_YOUR OBJECTIVE_:
Lines from the line with "Sokany Electric Glass Kettle 2.2L" to the line with "Guide showing how" in the entries below, and only those, must be output exactly, with both ends included.

Records excerpted from a collection
□ □ □ □
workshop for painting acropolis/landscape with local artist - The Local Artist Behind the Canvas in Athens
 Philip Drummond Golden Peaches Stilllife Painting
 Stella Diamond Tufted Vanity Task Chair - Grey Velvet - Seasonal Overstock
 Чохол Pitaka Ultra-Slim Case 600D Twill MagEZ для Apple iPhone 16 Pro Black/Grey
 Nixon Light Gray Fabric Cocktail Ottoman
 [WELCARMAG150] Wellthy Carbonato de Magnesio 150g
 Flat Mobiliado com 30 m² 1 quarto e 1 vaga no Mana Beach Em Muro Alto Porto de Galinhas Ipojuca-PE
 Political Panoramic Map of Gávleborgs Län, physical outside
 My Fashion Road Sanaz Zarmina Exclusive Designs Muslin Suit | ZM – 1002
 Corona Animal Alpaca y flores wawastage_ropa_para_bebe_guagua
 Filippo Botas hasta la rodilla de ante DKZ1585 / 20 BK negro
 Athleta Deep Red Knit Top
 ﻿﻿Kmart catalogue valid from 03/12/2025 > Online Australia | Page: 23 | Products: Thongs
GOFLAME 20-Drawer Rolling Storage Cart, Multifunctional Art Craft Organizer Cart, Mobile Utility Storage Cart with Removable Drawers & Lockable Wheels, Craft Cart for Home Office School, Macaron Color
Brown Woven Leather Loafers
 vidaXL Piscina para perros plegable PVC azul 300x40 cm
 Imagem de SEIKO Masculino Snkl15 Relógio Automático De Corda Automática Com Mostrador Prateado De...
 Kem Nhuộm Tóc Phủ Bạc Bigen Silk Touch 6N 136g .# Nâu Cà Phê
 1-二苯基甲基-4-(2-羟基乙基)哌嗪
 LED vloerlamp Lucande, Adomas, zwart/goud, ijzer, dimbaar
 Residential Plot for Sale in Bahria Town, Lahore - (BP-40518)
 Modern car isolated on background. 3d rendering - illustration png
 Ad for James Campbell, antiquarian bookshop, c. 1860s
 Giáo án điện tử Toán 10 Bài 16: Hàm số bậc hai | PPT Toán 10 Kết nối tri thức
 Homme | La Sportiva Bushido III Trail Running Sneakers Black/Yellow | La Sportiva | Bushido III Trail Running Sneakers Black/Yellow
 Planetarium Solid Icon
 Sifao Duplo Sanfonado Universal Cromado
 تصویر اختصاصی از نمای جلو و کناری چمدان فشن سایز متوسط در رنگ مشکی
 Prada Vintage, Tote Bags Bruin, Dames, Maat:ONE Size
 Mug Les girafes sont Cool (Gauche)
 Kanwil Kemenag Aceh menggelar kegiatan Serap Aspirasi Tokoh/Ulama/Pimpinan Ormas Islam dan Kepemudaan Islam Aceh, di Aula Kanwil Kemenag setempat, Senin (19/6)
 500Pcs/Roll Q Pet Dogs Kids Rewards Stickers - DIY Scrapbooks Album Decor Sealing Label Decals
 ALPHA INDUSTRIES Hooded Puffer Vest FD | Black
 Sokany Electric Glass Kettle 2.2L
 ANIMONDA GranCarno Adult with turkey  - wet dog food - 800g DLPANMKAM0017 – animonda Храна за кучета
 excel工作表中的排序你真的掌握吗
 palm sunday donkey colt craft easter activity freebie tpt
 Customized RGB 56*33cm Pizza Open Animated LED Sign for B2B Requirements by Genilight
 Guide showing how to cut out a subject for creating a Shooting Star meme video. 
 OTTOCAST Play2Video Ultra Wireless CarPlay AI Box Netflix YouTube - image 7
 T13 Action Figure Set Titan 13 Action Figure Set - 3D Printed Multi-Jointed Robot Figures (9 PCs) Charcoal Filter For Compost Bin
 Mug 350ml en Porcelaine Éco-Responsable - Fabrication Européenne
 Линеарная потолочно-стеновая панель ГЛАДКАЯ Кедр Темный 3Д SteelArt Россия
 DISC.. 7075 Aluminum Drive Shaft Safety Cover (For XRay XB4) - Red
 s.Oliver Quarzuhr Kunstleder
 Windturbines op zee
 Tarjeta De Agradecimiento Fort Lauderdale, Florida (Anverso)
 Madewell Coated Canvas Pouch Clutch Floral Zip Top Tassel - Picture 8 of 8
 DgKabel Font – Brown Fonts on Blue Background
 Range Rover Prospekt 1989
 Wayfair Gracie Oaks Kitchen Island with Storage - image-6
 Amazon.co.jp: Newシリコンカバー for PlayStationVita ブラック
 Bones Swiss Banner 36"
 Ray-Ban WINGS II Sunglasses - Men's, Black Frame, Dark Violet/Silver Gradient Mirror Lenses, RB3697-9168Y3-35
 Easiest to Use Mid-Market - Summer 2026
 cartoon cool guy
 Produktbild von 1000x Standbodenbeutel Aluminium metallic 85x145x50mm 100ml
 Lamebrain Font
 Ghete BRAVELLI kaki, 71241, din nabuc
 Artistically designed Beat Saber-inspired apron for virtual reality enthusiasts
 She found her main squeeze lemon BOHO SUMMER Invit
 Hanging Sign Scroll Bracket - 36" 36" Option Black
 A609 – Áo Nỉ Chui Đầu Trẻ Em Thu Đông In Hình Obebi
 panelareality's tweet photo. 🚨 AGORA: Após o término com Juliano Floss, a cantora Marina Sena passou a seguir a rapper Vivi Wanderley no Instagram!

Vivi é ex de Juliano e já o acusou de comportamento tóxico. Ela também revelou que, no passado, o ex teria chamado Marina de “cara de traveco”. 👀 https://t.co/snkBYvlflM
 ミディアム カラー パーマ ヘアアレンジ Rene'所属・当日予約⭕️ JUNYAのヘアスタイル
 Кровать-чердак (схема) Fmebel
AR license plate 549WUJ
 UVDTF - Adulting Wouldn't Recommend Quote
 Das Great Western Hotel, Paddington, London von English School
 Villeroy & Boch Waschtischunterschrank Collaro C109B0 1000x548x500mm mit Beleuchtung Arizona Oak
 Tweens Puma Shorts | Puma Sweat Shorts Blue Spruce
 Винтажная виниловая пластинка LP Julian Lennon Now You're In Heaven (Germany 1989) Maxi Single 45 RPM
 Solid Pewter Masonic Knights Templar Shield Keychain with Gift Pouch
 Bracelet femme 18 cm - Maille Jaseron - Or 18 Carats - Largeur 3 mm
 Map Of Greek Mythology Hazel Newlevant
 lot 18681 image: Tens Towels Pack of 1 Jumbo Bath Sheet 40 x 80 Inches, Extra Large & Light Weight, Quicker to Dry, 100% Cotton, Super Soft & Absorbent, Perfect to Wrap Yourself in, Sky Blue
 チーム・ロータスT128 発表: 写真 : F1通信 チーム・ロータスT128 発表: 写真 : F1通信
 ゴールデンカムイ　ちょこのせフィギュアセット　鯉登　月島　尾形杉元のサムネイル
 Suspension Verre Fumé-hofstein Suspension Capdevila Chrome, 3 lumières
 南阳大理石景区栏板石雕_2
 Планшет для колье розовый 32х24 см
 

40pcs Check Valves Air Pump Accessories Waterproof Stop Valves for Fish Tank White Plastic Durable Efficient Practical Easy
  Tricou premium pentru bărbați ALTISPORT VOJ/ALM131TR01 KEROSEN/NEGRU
□ □ □ □
_OUTPUT FOR THIS TASK_:
 Sokany Electric Glass Kettle 2.2L
 ANIMONDA GranCarno Adult with turkey  - wet dog food - 800g DLPANMKAM0017 – animonda Храна за кучета
 excel工作表中的排序你真的掌握吗
 palm sunday donkey colt craft easter activity freebie tpt
 Customized RGB 56*33cm Pizza Open Animated LED Sign for B2B Requirements by Genilight
 Guide showing how to cut out a subject for creating a Shooting Star meme video. 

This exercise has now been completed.